Fabrication of dual-sited Cu doped Co3O4 on nickel foam (Cu–Co3O4/NF) for segmentally efficient electrochemical nitrate reduction under low conductivity

Abstract

To tackle the removal of low-concentration nitrate contamination, this work utilizes electrocatalytic reduction technology to effectively convert nitrate into recoverable ammonia, using as-prepared Cu doped Co₃O₄ on nickel foam (Cu–Co₃O₄/NF) composites as the cathode. This electrode demonstrated exceptional electrocatalytic activity in simulated groundwater with low nitrate concentrations and low conductivity (around 3000 μS cm⁻¹). With the simulated groundwater containing 50 mg L⁻¹ of nitrate nitrogen, the electrode achieved a removal efficiency of 96.78% within 2 hours, with ammonia nitrogen selectivity reaching 97.58%. Moreover, the nitrate removal rate remained stable above 95% even after nine consecutive cycles of operation, indicating the reliability and stability of the fabricated dual-sited Cu–Co₃O₄/NF cathode.

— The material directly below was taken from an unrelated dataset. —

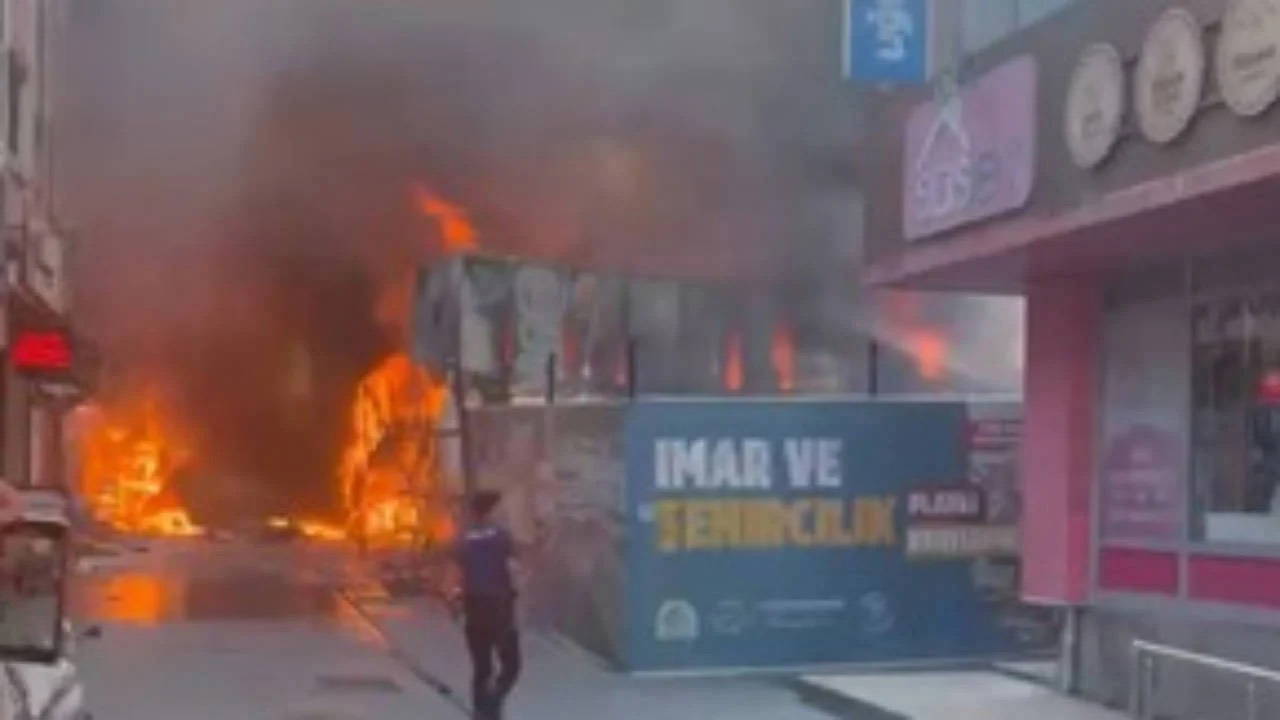 Gebze'de Metro Şantiyesinde Yangın: 2 İş Yeri Kullanılamaz Hale Geldi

Finally, it was demonstrated that Cu doping could reduce the RDS (*NO → *NOH) thermodynamic energy barrier, and then optimize the eNO₃RR pathway through DFT computation. Therefore, this work offers an economically viable, efficient, and sustainable solution for the remediation of low-concentration nitrate-contaminated groundwater, through circumventing additional costs and secondary pollution risks associated with the use of electrolytes.